Tale critica è infondata in quanto lo stesso presupposto di fatto da cui essa muove risulta smentito dalla sentenza impugnata, avendo la Corte territoriale, con apprezzamento di fatto non oggetto di censura, escluso che, alla luce del concreto atteggiarsi del rapporto, la società ricorrente potesse essere considerata come mera esecutrice delle direttive impartite dalla controparte. Quanto alla sua mancanza di specializzazione nel settore impiantistico, la deduzione risulta esaminata dal giudice di secondo grado, che l’ha ritenuta irrilevante avendo comunque l’impresa ricorrente accettato di eseguire i lavori commissionati, assumendosi così l’obbligo del loro adempimneto a regola d’arte.

Il terzo motivo di ricorso denunzia violazione e/o falsa applicazione dell’art. 1460 cod. civ., lamentando che il giudice a quo abbia ritenuto legittima l’eccezione di inadempimento sollevata dalla committente nonostante che l’aspetto inerente all’installazione avesse un rilievo secondario e che la parte stessa, presenziando alle operazioni di montaggio, avesse potuto riscontrare le obiettive difficoltà incontrate dalla ditta installatrice. Per tali ragioni, conclude la ricorrente, l’eccezione de qua avrebbe dovuto essere disattesa, in quanto contraria a buona fede e sproporzionata rispetto all’entità delle obbligazioni comunque adempiute dalla ditta appaltatrice. Il motivo è inammissibile.

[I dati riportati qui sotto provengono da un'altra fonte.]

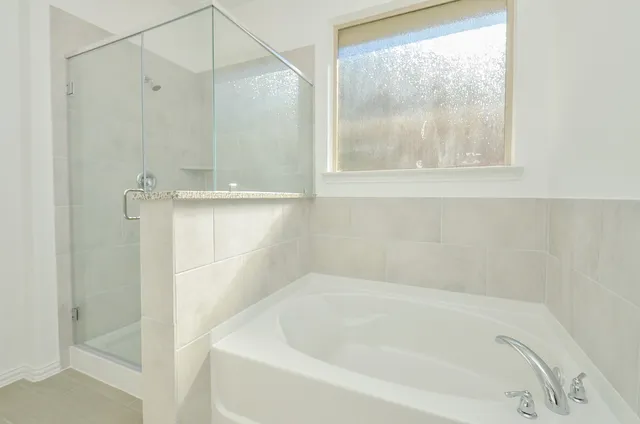 a white bath tub sitting next to a shower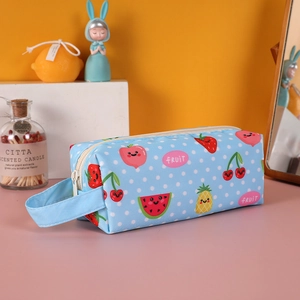 Close-up of light blue polka dot pencil case with cartoon fruits and side handle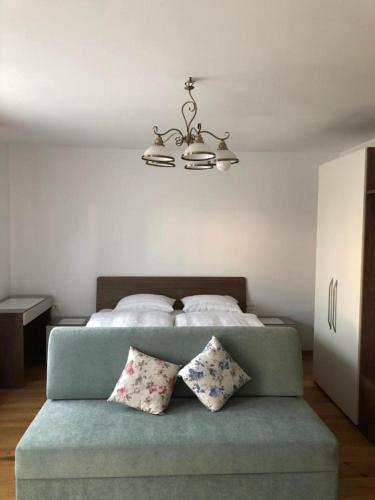 a bedroom with a bed with a blue couch with pillows at Sobe apartma Dobe in Bled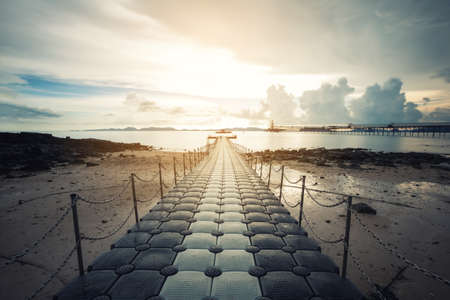 beach with bridge in long exposureの写真素材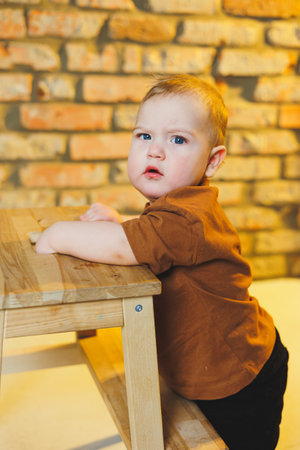 Baby in cool casual clothes. Little stylish boy, child 1 year old in jeans and t-shirt. Stylish clothes for babies.の写真素材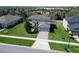 An exterior elevation displays the home's architecture and well-manicured front lawn at 1336 Lattimore Dr, Clermont, FL 34711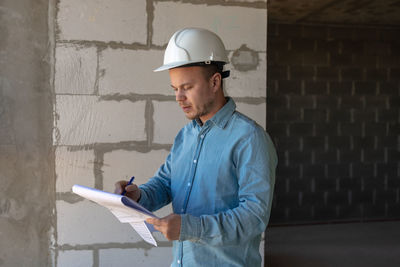 Side view of man standing against wall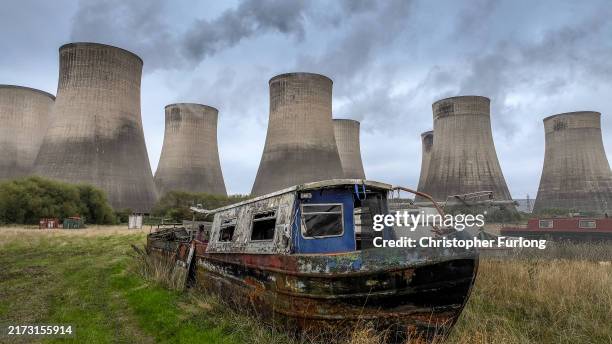 Narrow boats waiting for renovation stand in a marina yard next to the eight giant cooling towers of Ratcliffe On Soar Power Station on September 19,...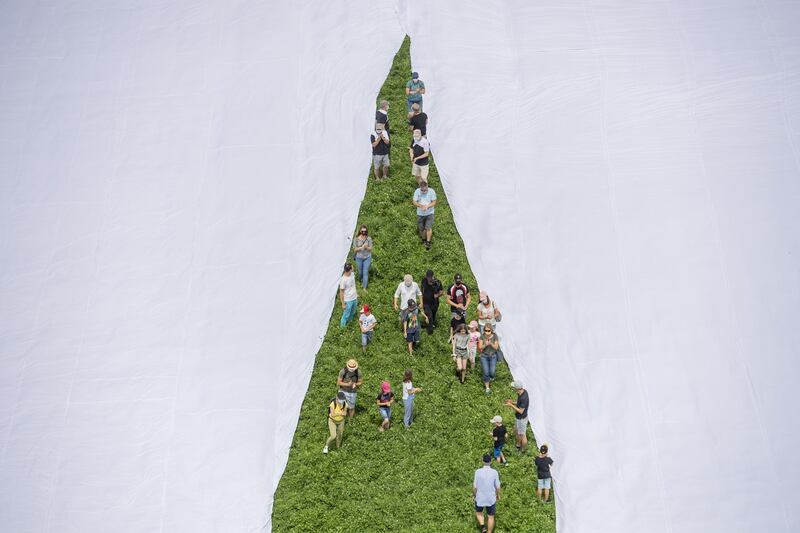 An inside leg view of the giant trousers being unfurled. Xwendekar Kelesh, who fled Syria to Switzerland 11 years ago, said the giant trousers are intended to draw attention to plastic pollution. EPA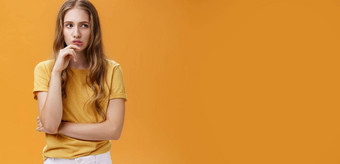 肖像有关聪明的女人波浪公平头发休闲t恤持有手下巴追求嘴唇深思熟虑的令人<strong>担忧</strong>的表达式摆姿势陷入困境的橙色墙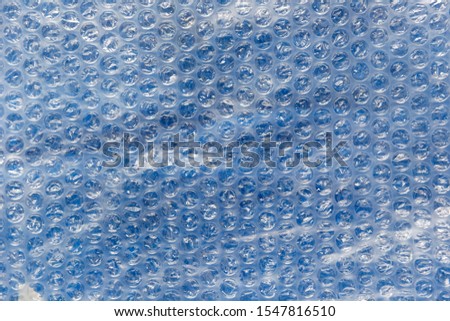 Blue & clear bubblewrap textured surface ready to pop.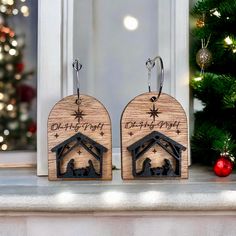 pair of wooden christmas nativity ornament on mantle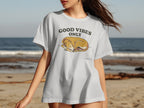 White t-shirt with "GOOD VIBES ONLY" and sleeping dog graphic.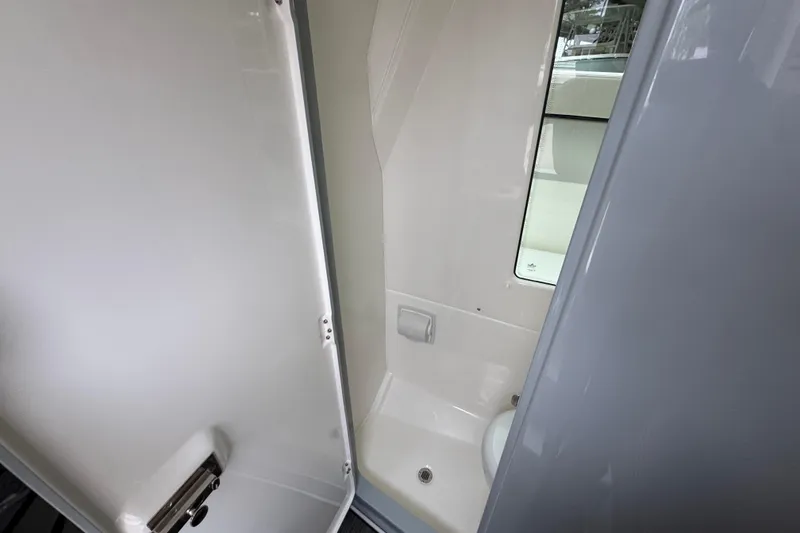 Slide: The Image of Bathroom interior of 2026 Solace 35 CS boat, featuring sleek design and compact layout. - 32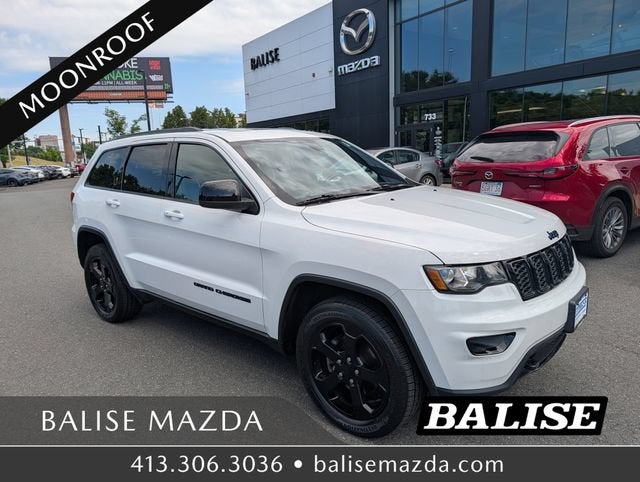 2018 Jeep Grand Cherokee Upland Edition in Bright White Clearcoat — front three-quarter view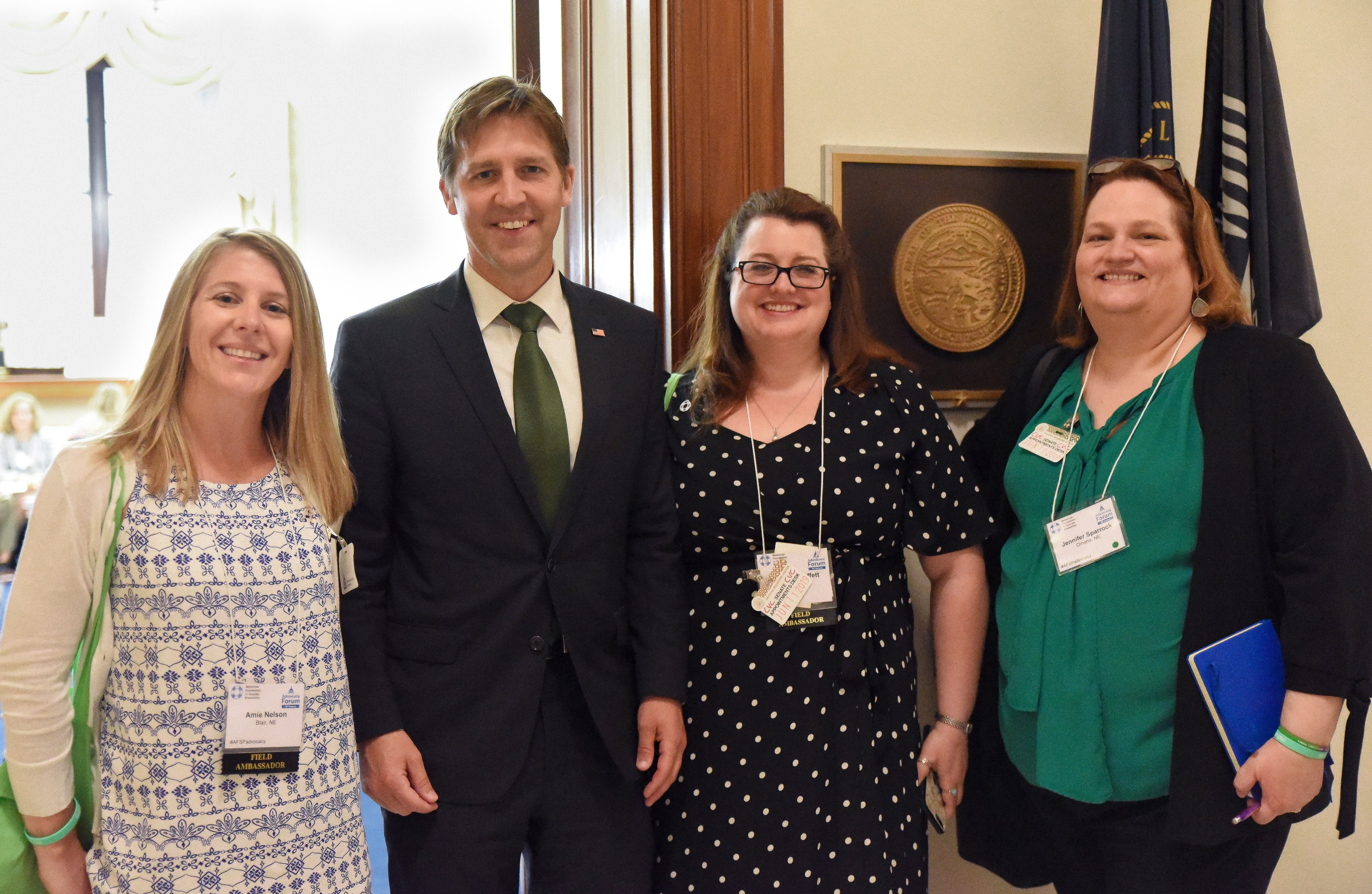 The author Jennifer Moffett meeting with a representative about AFSP's mission.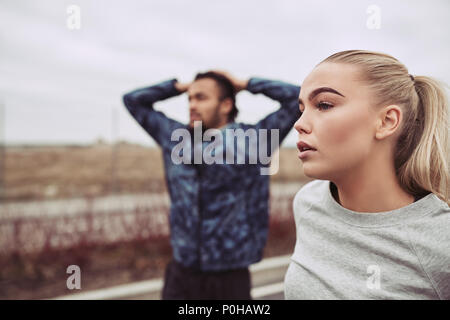 Diverse young couple in sportswear catching their breath while taking a break from a run together on an overcast day Stock Photo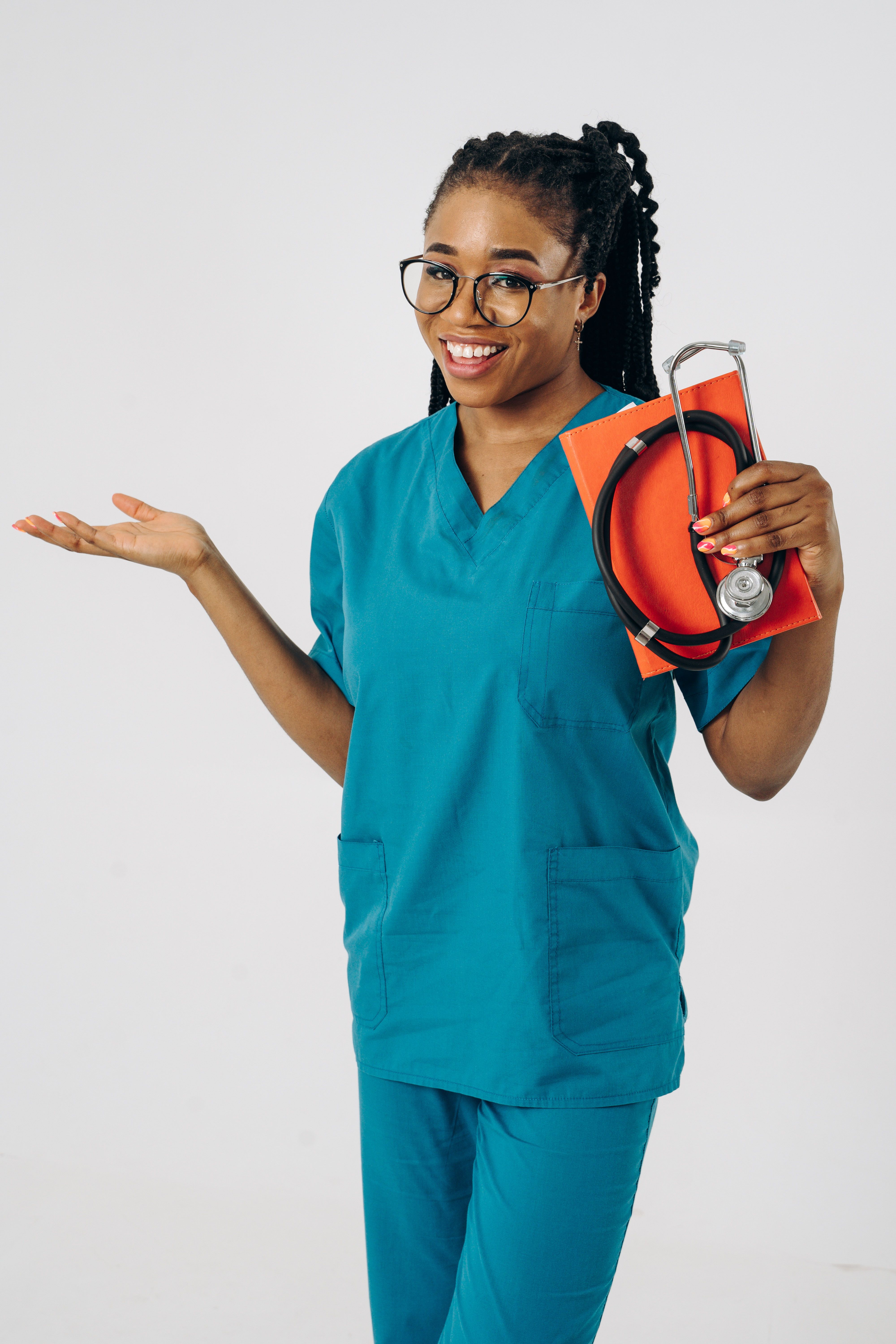 Confident female doctor smiling and gesturing with stethoscope in hand against a white background.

In primo luogo perchè si tratta di contestazione (recte:

controeccezione) nuova, non indicando la società ricorrente di averla formulata già nella comparsa di costituzione e risposta in primo grado e quindi di averla riprodotta in sede di appello.

In secondo luogo in quanto questa Corte è ferma nel ritenere che la valutazione della gravità dell’inadempimento che legittima la parte non inadempiente a sollevare l’eccezione di cui all’art. 1460 cod. civ. costituisce un apprezzamento di fatto demandato alla esclusiva competenza del giudice di merito (Cass. n. 16930 del 2003; Cass. n. 9176 del 2000). Con la conseguenza che il motivo è inammissibile in quanto sollecita un sindacato sulla valutazione del giudice territoriale non consentito in sede di giudizio di legittimità se non sotto il profilo del vizio di motivazione, che però nella specie non è stato sollevato. Il ricorso va pertanto respinto.

Le spese di giudizio, liquidate come in dispositivo, sono poste a carico della parte soccombente.
P.Q.M.

rigetta il ricorso e condanna la società ricorrente al pagamento delle spese di giudizio, che liquida in Euro 2.000,00, di cui Euro 200,00 per esborsi, oltre spese generali ed accessori di legge.

Testo non ufficiale. La sola stampa del bollettino ufficiale ha carattere legale.